F. R. Leavis was the chief editor of Scrutiny, which between 1932 and 1953 had some claim on being the most influential literary journal in the English-speaking world. The Common Pursuit is a selection of Leavis's essays from Scrutiny, including his robust defence of Milton against T. S. Eliot, his deeply-felt engagement with Shakespeare, and his severe strictures on attempts to import sociology and political activism into the study of literature. The title of the book comes from a passage in Eliot's 'The Function of Criticism', in which the poet argues that the critic must engage in 'the common pursuit of true judgment'. For Leavis, this meant a strenuous insistence on discriminatory criticism - clear statements about what is good and morally mature and admirable, and equally clear condemnation of what is trivial. The Common Pursuit, with its controversial judgments of Bunyan and Auden, Swift and Forster, remains as challenging now as it did in 1952, and it is easy to see why Leavis - who was never offered a professorship by Cambridge University - held such sway over the study of English literature in his time.
Frank Raymond "F.R." Leavis, CH was an English literary critic of the early-to-mid-twentieth century. He taught for much of his career at Downing College, Cambridge but often latterly at the University of York.
I'm currently reading A.S. Byatt, and every time she writes something oddly inhibited and against her radical, imaginative nature, someone points at Leavis, as her teacher, by way of explanation. She at least had some self-awareness of the problems he caused her in her thinking:
"Leavis did to Blackadder what he did to serious students: he showed him the terrible, the magnificent importance and urgency of English literature and simultaneously deprived him of any confidence in his own capacity to contribute to or change it." (Byatt, Possession, 1990)
I find early English Literature academic study wildly fascinating, and arguably they needed zealots like Leavis to really convince the powers that be that reading poetry and fiction was a legitimate form of study in itself. Liberal humanism is a kind of self-justifying approach, so of course he's writing with the didactic tone of a preacher. "'Aesthetic' is a term the literary critic would do well to deny himself." Being subjective is a moral failure as far as Leavis is concerned. I'd heard Leavis accused of quoting massive passages from his primary sources, and then never really analysing it, and he definitely does that. He would be flagged by plagiarism software every time. That's the problem with positioning yourself as objective, I suppose - you assume that others holding a different subjective understanding is an error, so why would you need to fully explain your viewpoint? If they're not stupid, they'll reach the same conclusion as you. God, I need to find out if he ever read Barthes.

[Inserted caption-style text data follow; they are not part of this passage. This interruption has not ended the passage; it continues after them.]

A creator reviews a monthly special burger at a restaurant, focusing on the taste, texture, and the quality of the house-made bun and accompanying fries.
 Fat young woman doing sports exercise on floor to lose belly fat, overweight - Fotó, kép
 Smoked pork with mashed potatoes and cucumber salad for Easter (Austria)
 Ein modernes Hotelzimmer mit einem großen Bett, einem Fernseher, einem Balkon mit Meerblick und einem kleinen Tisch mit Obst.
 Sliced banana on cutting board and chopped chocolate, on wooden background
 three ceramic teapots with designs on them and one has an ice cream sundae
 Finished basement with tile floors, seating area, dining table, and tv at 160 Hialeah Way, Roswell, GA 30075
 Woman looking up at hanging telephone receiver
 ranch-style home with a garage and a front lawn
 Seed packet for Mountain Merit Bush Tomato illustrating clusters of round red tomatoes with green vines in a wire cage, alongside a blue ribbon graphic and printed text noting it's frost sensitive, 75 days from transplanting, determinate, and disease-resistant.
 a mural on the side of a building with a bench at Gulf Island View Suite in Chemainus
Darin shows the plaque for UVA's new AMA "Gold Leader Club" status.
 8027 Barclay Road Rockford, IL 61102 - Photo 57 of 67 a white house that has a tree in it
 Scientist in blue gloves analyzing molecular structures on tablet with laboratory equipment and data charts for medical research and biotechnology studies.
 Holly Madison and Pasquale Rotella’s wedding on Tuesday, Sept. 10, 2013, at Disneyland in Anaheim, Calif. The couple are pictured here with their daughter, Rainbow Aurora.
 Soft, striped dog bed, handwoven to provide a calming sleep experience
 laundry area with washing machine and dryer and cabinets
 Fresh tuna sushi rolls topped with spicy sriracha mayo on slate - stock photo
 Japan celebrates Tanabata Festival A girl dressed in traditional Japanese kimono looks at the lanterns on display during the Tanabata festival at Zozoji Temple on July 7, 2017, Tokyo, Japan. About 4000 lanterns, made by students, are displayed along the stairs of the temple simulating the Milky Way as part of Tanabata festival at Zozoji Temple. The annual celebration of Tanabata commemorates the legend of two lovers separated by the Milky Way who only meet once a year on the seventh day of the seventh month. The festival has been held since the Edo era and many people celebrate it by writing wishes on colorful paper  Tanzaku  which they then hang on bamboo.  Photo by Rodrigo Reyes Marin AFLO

I don't think it's worth resenting or mocking him, or fretting over his impact, because he's one of a small number of historic critics trying to found a tradition out of nothing; multiple chapters of this book are just discussing what the aim of criticism actually is. He's continually looking back to Enlightenment thinkers to try to find his predecessors, to prove English literature worthy. He really cares about what he's doing, about trying to legitimise a subject which barely existed, but it's such early practice, of course there's a lot lacking, of courde it's restricted and officious and cautious. He's so suspicious of literary Marxism, ie. the first literary theorists, trying to set literature in a full social context (and arguably do more to legitimise the subject than any evaluation of Samuel Johnson). In the chapter 'Literature and Society', based on an address to the SU of the London School of Economics and Politics, he writes probably the single funniest thing he ever said: "the Marxist approach to literature seems to me unprofitable".